Alternatively if you really like languages you’d also be interested in these. The basic gist is that a guy was hired to create a language for the Dothraki people (which didn’t exist in the books per se) for the TV series. Many people are the kinds of nerds who’d want to learn a fantasy language (or probably another, to supplement their in-depth knowledge of Klingon), and so they have rallied to support this new and exciting language. One guy in particular wants to challenge those people by creating an inhuman language that breaks as many of the natural human language patterns as possible. Amazingly enough, the guy who created the language responded, basically just saying that it was too little, too late and also that humans should speak like humans. It wouldn’t really make sense to create an abnormal human language for normal humans.
Fantasy TV in the service of science (part one - the challenge)

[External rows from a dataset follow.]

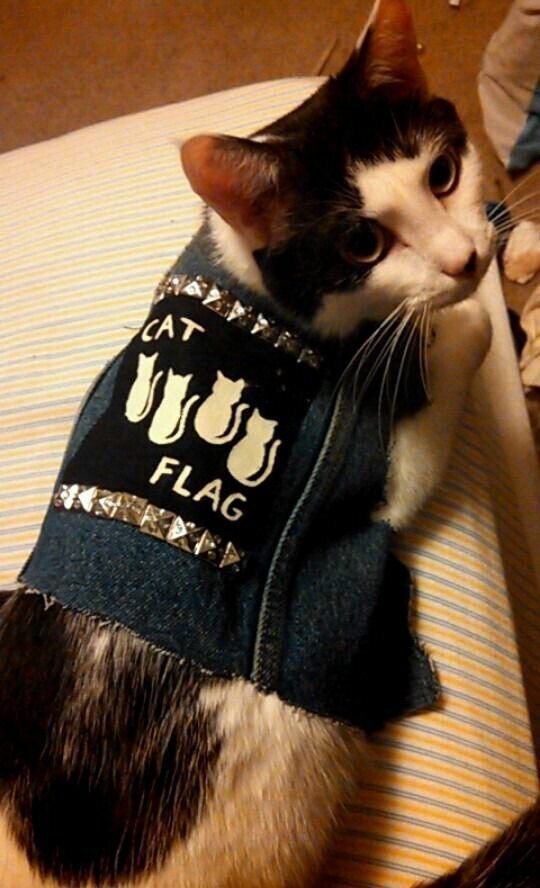 Nothing To See Here, Just Some Photos Of Cats Wearing Metal Battle Vests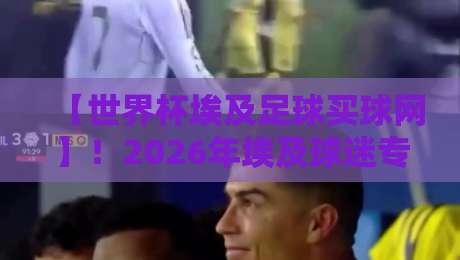 【世界杯埃及足球买球网】！2026年埃及球迷专属观赛与竞猜指南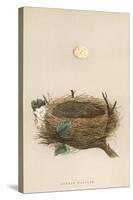 Garden Warbler Egg and Nest-null-Stretched Canvas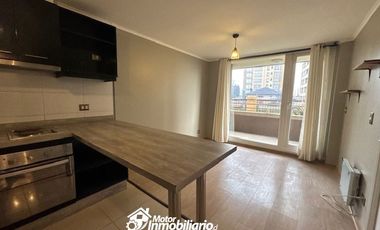 Departamento en Arriendo en ARAGON 85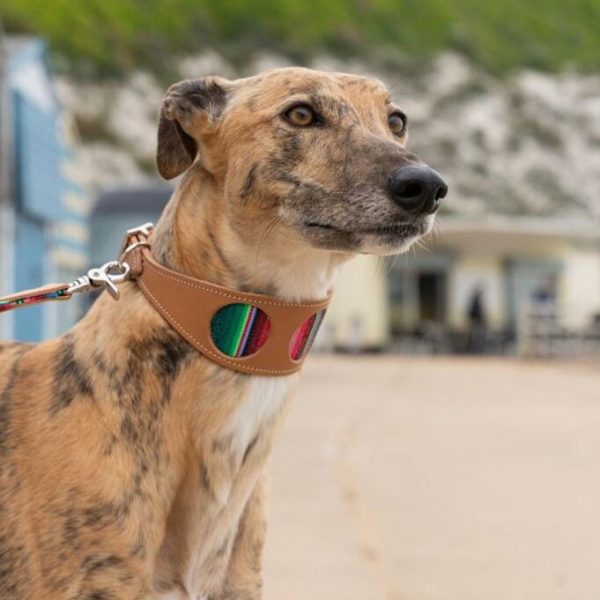 Inca Blue Greyhound Collar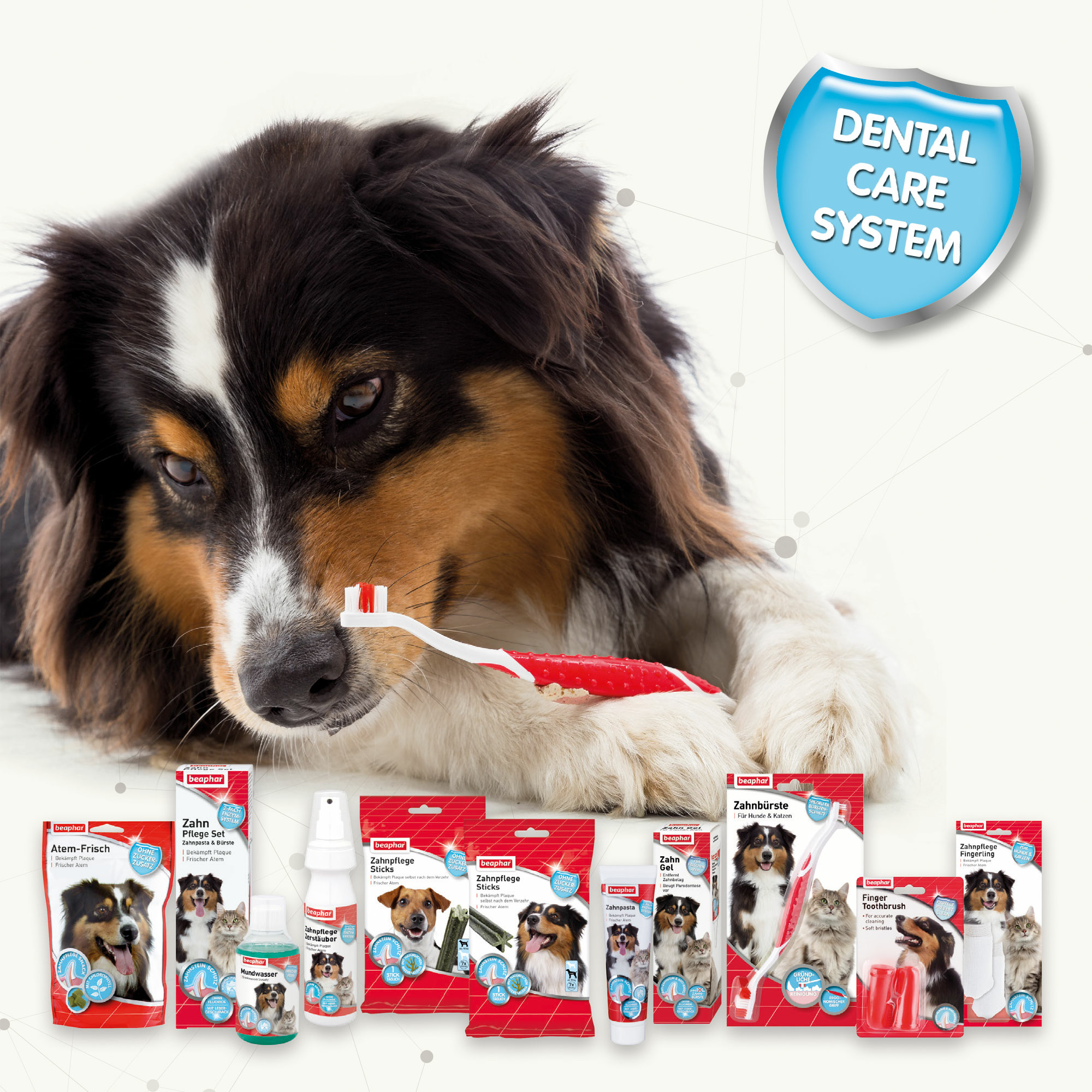 Zahnpflege Sticks für Hunde bis 10kg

The Dothraki response to a call for science in a created language (part two - the reply)
geni:
The bad ending, as Ted, for the video game version of I Have No Mouth, And I Must Scream.
I sat down and read the story in one sitting. The page is ugly, but it works. And it was worth it. And you can read it for yourself here, or find a nicer page somewhere.
And it was disturbing and perfectly succinct, and all I can think is that I’m glad it wasn’t any longer.
Life events which can accumulate into an illness.
The strange thing to me is the non-adult scale. By beginning to date, and subsequently breaking up (likely within a few weeks), you’re at 100 points already, thus putting you well on the way to illness.
Likewise, do the points magically disappear upon reaching adulthood? Ah well. Under-researched ideas tend to fall apart upon closer examination.
Let me make this abundantly clear: I want you to read this, eventually, if you have any interest in the gaming industry, or even any entertainment industry.
I don’t care if you don’t have time for it today. Bookmark it. Check it out tomorrow.
I haven’t been saying much lately but I’ll be back. I’m working on finally finishing FF X. It’ll be the third Final Fantasy game I stopped playing 10-15 hours short of its conclusion that I’ve finished in the past couple of weeks, and honestly, I’m kinda proud of myself. I’ll see how far I am in FF X-2, and decide from there whether I want to move to handheld games or finish that. FF IV Advance needs to be finished off, and I found my copy of FF V Advance that was lost in our couch for five years. I might actually finish them before turning 85.